[Scraped caption text data]
========

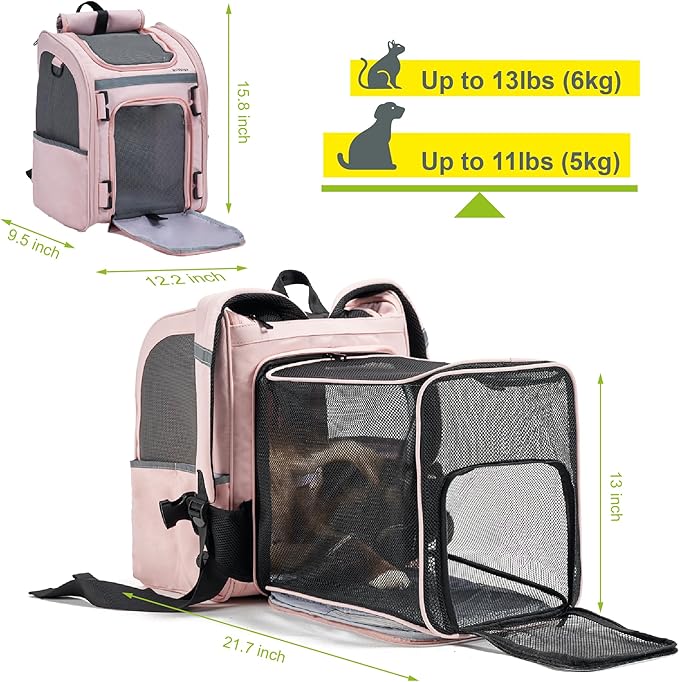 Expandable Pet Carrier, Airline-Approved Foldable and Detachable Backpack, Fits up to 13lbs Cat & 11lbs Small Medium Puppy Dog, Suitable for Car Travel, Outings, Hiking Camping (Pink)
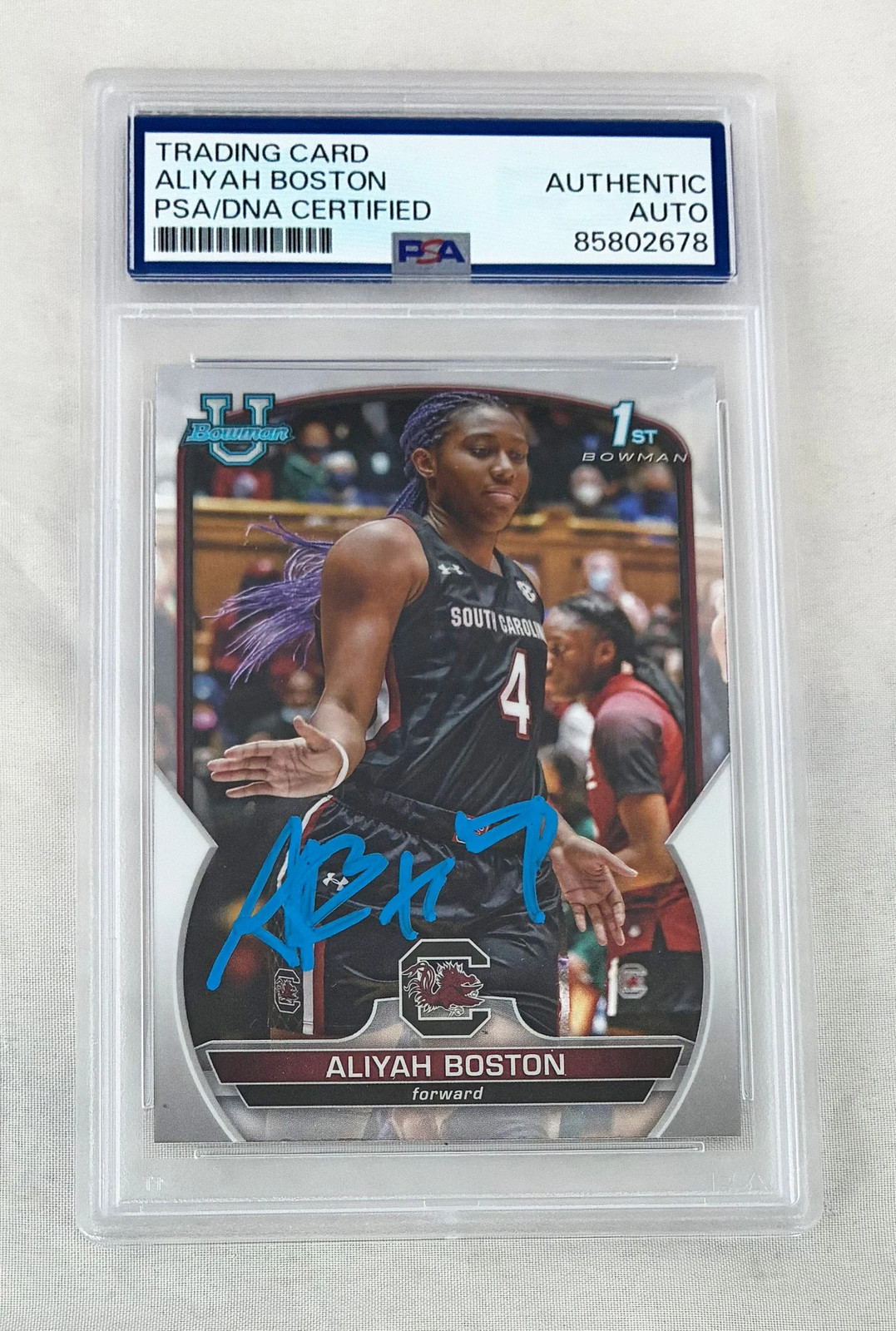 Aliyah Boston Signed Rookie Card 2023 Bowman U Chrome Fever RC #5 PSA/DNA COA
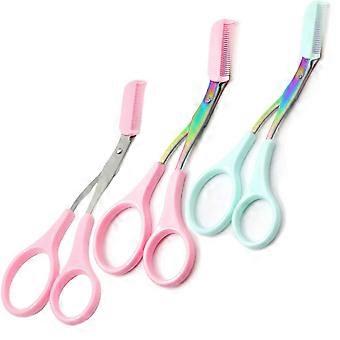 3PCS Augenbrauentrimmer Schere 2024 Neue Augenbrauenschere mit Kamm Präzisionsaugenbrauentrimmschere rutschfester Augenbrauenschneider Haarentfernung Augenbrauen Sci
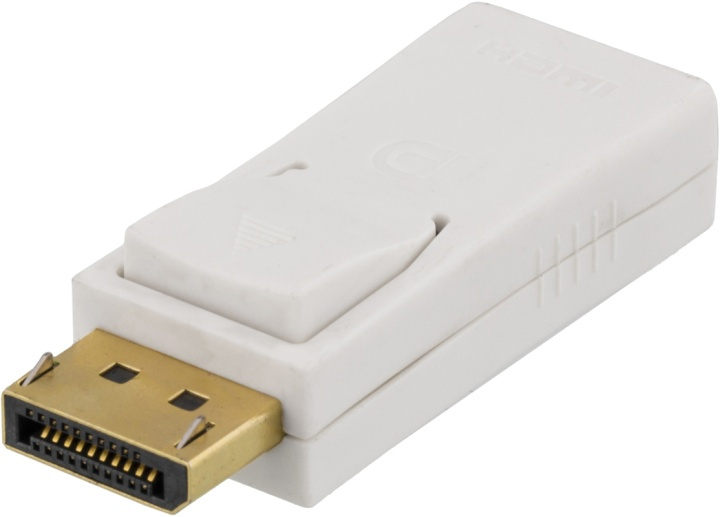 DELTACO DisplayPort til HDMI adapter, han-hun, hvid i gruppen COMPUTERTILBEHØR / Kabler og adaptere / DisplayPort / Adaptere hos TP E-commerce Nordic AB (38-53323)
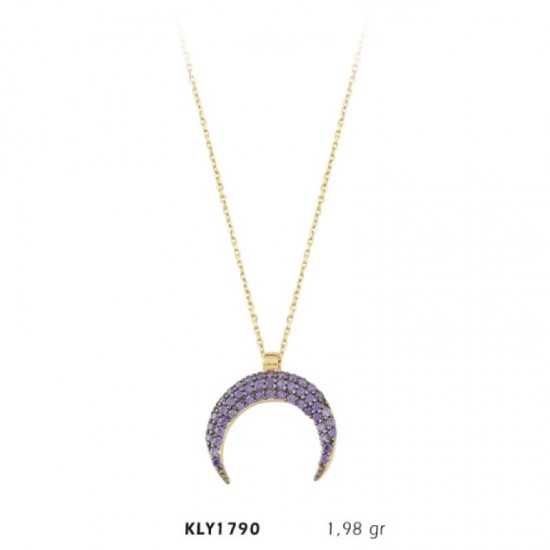 14 Ayar Altın Taş İşlemeli Hilal Kolye KLY1790
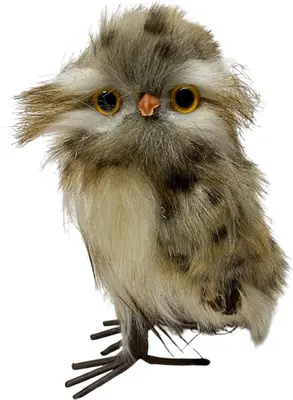 Kerstfiguur kunststof uil 9x8x14cm bruin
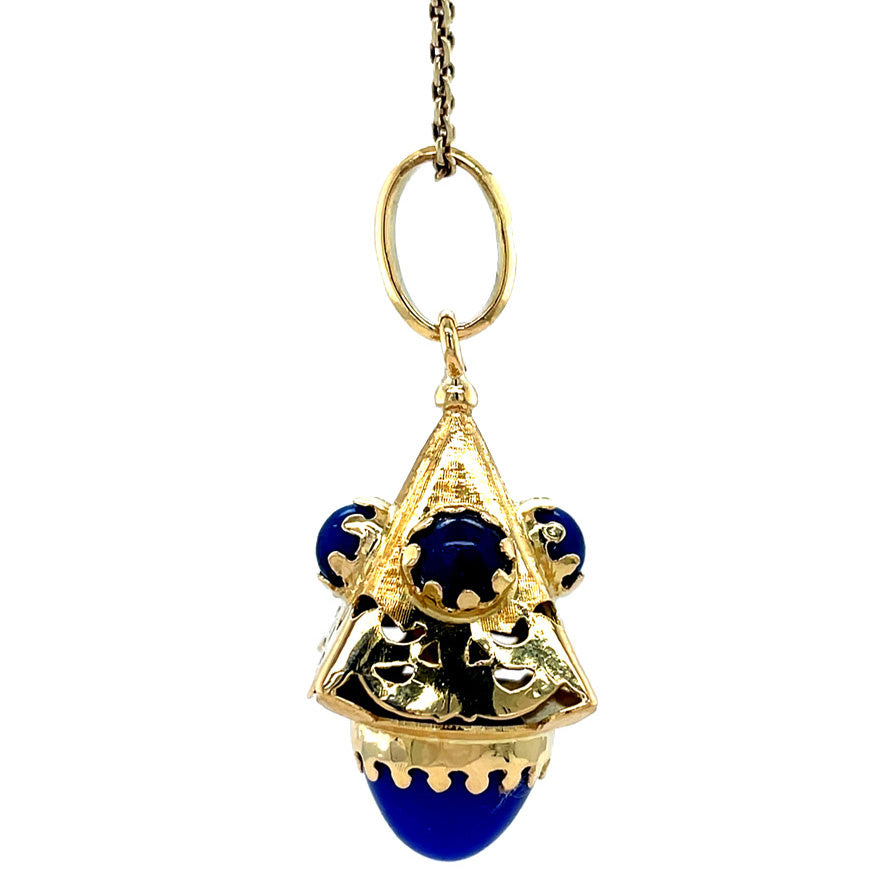 Vintage gouden hanger met chalcedoon en kleursteen 18 krt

========

● **TASK GOAL**:
Once the line holding "14 Ayar Altın" is found, copy it and each later line exactly through the end of the data, leaving out the pictures.

● **OUTPUT OF THE TASK**:
 14 Ayar Altın Taş İşlemeli Hilal Kolye KLY1790
 Kerstfiguur kunststof uil 9x8x14cm bruin
 Vintage gouden hanger met chalcedoon en kleursteen 18 krt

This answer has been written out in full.